# Top Github Repositories by Topic

### Pick a website and describe your objective
- Browse through different sites and pick on to scrape.
- Identify the information you'd like to scrape from the site. Decide the format of the output CSV file.
- Summarize your project idea and outline your strategy in a Juptyer notebook.

#### Project Outline:
- We are going to scrape https://github.com/topics
- Get a list of topics.

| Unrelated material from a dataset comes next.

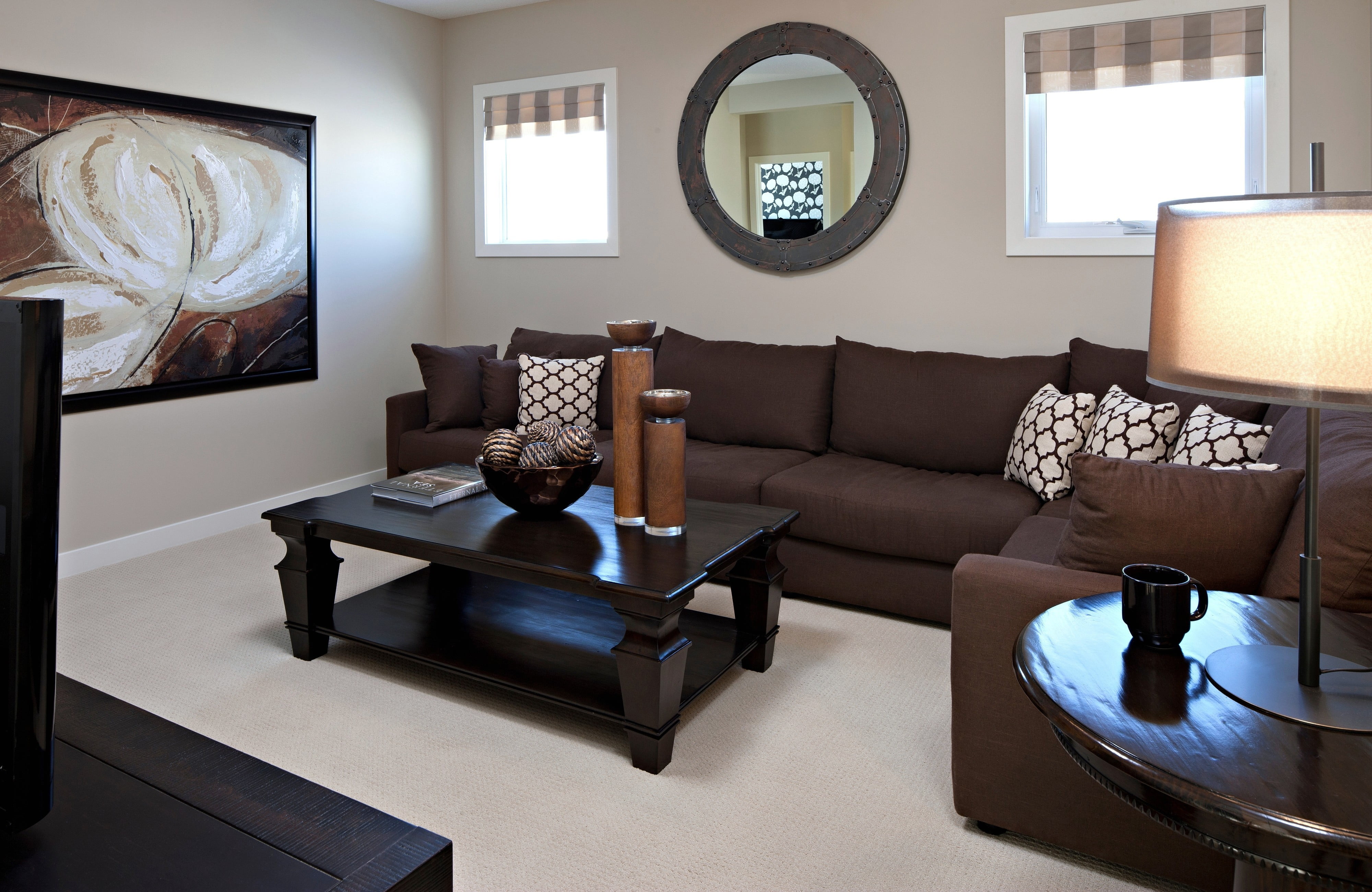 brown suede sectional sofa set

For each topic, we will have topic title, topic page url (which includes the 'id'), and topic description
- For each topic, we will get the top 25 repositories
- For each repo, we will have the repo name, username, stars, and repo url
- Each topic will have a csv file with the following format
```
Repo Name,Username,Stars,Repo URL
free-programming-books-zh_CN,justjavac,102000,https://github.com/justjavac/free-programming-books-zh_CN
kotlin,JetBrains,44600,https://github.com/JetBrains/kotlin
```

### Use the requests library to download web pages
- Inspect the website's HTML source and identify the right URLs to download.
- Download and save web pages locally using the requests library.
- Create a function to automate downloading for different topics/search queries.

In [12]:
! python3 -m pip install --upgrade pip --user
! python3 -m pip install requests --upgrade

In [13]:
import requests

In [20]:
topics_url = 'https://github.com/topics'
response = requests.get(topics_url)
# 200-299 is a successful response download for status_code
# https://developer.mozilla.org/en-US/docs/Web/HTTP/Status contains more info on status codes
response.status_code

200

In [22]:
page_contents = response.text
with open('topics-page.html', 'w') as f:
    f.write(page_contents)

### Use Beautiful Soup to parse and extract information
- Parse and explore the structure of downloaded web pages using Beautiful soup.
- Use the right properties and methods to extract the required information.
- Create functions to extract from the page into lists and dictionaries.
- (Optional) Use a REST API to acquire additional information if required.


In [23]:
! python3 -m pip install beautifulsoup4 --upgrade

### Create CSV file(s) with the extracted information
- Create functions for the end-to-end process of downloading, parsing, and saving CSVs.
- Execute the function with different inputs to create a dataset of CSV files.
- Verify the information in the CSV files by reading them back using Pandas.

### Document and share your work
- Add proper headings and documentation in your Jupyter notebook.
- Publish your Jupyter notebook to your GitHub
- (Optional) Write a blog post about your project and share it online.